Attributes: - predictor: {LinearPredictor, KernelPredictor}
trained predictor
-
holdout
(indices)¶ Computes hold-out predictions
Parameters: - indices : list of indices, shape = [n_hsamples]
list of indices of training examples belonging to the set for which the hold-out predictions are calculated. The list can not be empty.
Returns: - F : array, shape = [n_hsamples, n_labels]
holdout predictions
Notes
Computational complexity of holdout: m = n_samples, d = n_features, l = n_labels, b = n_bvectors, h=n_hsamples
O(h^3 + lmh): basic case
O(min(h^3 + lh^2, d^3 + ld^2) +ldh): Linear Kernel, d < m
O(min(h^3 + lh^2, b^3 + lb^2) +lbh): Sparse approximation with basis vectors
The fast holdout algorithm is based on results presented in [1,2]. However, the removal of basis vectors decribed in [2] is currently not implemented.
References
[1] Tapio Pahikkala, Jorma Boberg, and Tapio Salakoski. Fast n-Fold Cross-Validation for Regularized Least-Squares. Proceedings of the Ninth Scandinavian Conference on Artificial Intelligence, 83-90, Otamedia Oy, 2006.

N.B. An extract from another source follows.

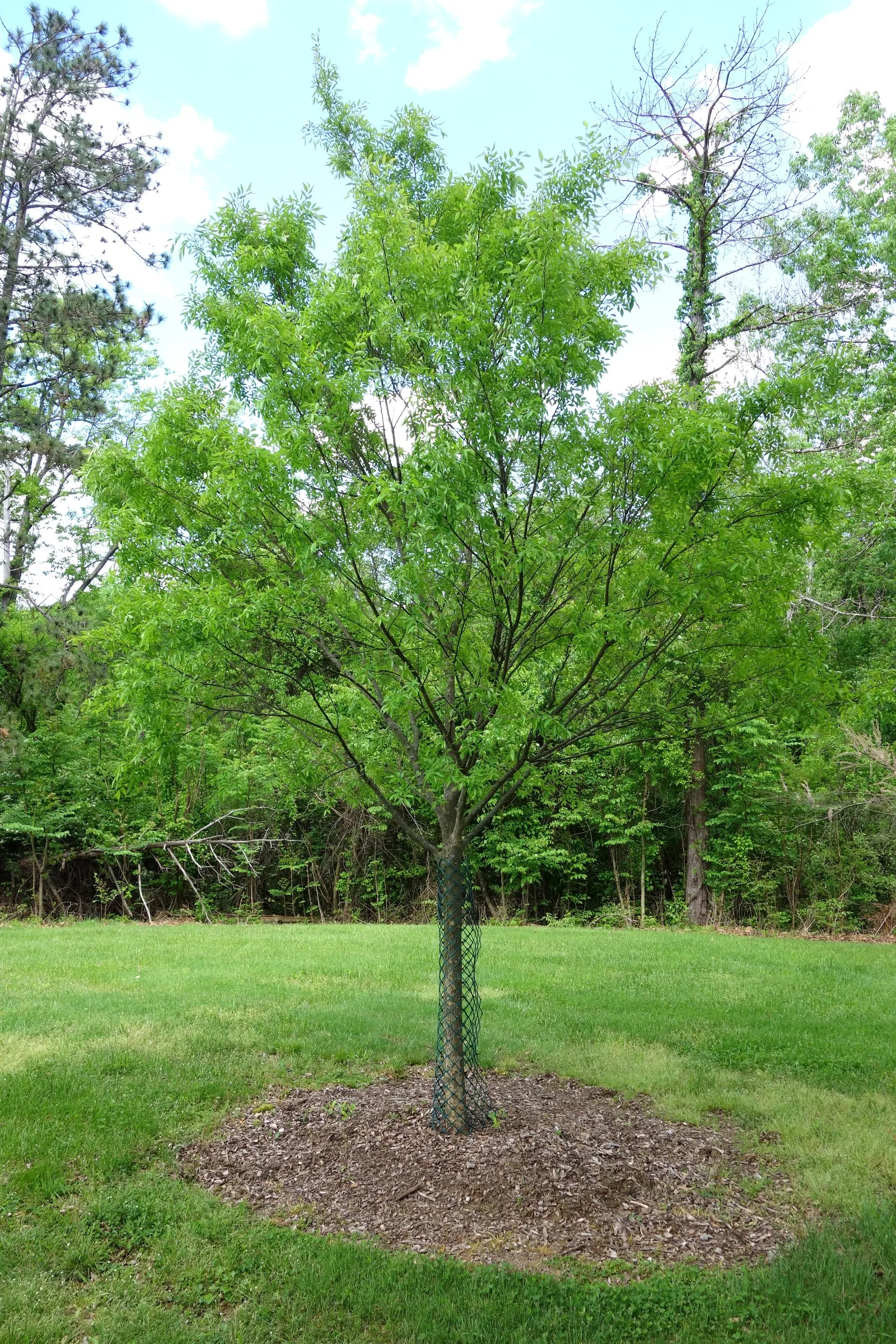 Chinese Elm (Ulmus Parvifolia) — Maturing at around 40-50 feet high with a spread of 25-40 feet, it presents a rounded canopy; rounded canopy, image 62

[2] Tapio Pahikkala, Hanna Suominen, and Jorma Boberg. Efficient cross-validation for kernelized least-squares regression with sparse basis expansions. Machine Learning, 87(3):381–407, June 2012.
-
leave_one_out
()¶ Computes leave-one-out predictions
Returns: - F : array, shape = [n_samples, n_labels]
leave-one-out predictions
Notes
Computational complexity of leave-one-out: m = n_samples, d = n_features, l = n_labels, b = n_bvectors
O(lm^2): basic case
O(ldm): Linear Kernel, d < m
O(lbm): Sparse approximation with basis vectors
Implements the classical leave-one-out algorithm described for example in [1].
References
[1] Ryan Rifkin, Ross Lippert. Notes on Regularized Least Squares. Technical Report, MIT, 2007.
-
leave_pair_out
(pairs_start_inds, pairs_end_inds)¶ Computes leave-pair-out predictions
Parameters: - pairs_start_inds : list of indices, shape = [n_pairs]
list of indices from range [0, n_samples-1]
- pairs_end_inds : list of indices, shape = [n_pairs]
list of indices from range [0, n_samples-1]
Returns: - P1 : array, shape = [n_pairs, n_labels]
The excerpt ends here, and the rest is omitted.